• **Your task**: Copy word for word, please, the lines of the entries below running from the one containing "Une grille de" to the one containing "Essue Green Sleeveless", both ends included.

• **Material for this task**:
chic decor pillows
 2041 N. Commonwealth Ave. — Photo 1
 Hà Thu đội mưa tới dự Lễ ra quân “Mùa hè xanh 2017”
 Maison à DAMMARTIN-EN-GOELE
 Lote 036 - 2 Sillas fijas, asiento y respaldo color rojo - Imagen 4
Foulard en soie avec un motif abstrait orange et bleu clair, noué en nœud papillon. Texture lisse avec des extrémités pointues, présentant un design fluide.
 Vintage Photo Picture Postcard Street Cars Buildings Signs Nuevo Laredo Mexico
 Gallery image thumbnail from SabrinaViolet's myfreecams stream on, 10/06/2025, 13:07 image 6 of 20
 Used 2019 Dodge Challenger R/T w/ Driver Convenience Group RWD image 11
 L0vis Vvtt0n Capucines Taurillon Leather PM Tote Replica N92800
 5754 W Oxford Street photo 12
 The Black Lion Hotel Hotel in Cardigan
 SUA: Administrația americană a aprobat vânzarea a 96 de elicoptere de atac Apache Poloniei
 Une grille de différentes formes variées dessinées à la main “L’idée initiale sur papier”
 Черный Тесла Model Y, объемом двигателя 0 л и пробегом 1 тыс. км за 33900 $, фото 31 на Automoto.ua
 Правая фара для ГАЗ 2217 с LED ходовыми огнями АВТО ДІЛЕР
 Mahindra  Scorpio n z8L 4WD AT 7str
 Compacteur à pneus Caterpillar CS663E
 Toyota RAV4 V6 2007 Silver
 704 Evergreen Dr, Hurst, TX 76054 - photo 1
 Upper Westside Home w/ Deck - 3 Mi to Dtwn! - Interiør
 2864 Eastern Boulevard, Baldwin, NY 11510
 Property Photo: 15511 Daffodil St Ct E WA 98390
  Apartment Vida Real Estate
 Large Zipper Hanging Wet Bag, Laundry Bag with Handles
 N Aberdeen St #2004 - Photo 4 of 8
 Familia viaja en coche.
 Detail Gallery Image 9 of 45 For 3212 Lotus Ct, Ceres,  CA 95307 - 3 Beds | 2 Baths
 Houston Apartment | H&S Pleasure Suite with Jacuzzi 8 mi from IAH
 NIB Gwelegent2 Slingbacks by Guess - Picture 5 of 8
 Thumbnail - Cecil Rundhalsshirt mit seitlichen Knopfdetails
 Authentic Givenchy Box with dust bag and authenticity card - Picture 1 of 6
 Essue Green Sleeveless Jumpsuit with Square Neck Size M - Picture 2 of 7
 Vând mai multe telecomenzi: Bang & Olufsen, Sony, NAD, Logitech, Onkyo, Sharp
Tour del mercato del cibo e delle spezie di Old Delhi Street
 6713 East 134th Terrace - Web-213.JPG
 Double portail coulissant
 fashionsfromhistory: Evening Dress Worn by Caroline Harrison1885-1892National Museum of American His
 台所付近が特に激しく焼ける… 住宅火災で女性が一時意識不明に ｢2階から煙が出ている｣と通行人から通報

• **Output of the task**:
 Une grille de différentes formes variées dessinées à la main “L’idée initiale sur papier”
 Черный Тесла Model Y, объемом двигателя 0 л и пробегом 1 тыс. км за 33900 $, фото 31 на Automoto.ua
 Правая фара для ГАЗ 2217 с LED ходовыми огнями АВТО ДІЛЕР
 Mahindra  Scorpio n z8L 4WD AT 7str
 Compacteur à pneus Caterpillar CS663E
 Toyota RAV4 V6 2007 Silver
 704 Evergreen Dr, Hurst, TX 76054 - photo 1
 Upper Westside Home w/ Deck - 3 Mi to Dtwn! - Interiør
 2864 Eastern Boulevard, Baldwin, NY 11510
 Property Photo: 15511 Daffodil St Ct E WA 98390
  Apartment Vida Real Estate
 Large Zipper Hanging Wet Bag, Laundry Bag with Handles
 N Aberdeen St #2004 - Photo 4 of 8
 Familia viaja en coche.
 Detail Gallery Image 9 of 45 For 3212 Lotus Ct, Ceres,  CA 95307 - 3 Beds | 2 Baths
 Houston Apartment | H&S Pleasure Suite with Jacuzzi 8 mi from IAH
 NIB Gwelegent2 Slingbacks by Guess - Picture 5 of 8
 Thumbnail - Cecil Rundhalsshirt mit seitlichen Knopfdetails
 Authentic Givenchy Box with dust bag and authenticity card - Picture 1 of 6
 Essue Green Sleeveless Jumpsuit with Square Neck Size M - Picture 2 of 7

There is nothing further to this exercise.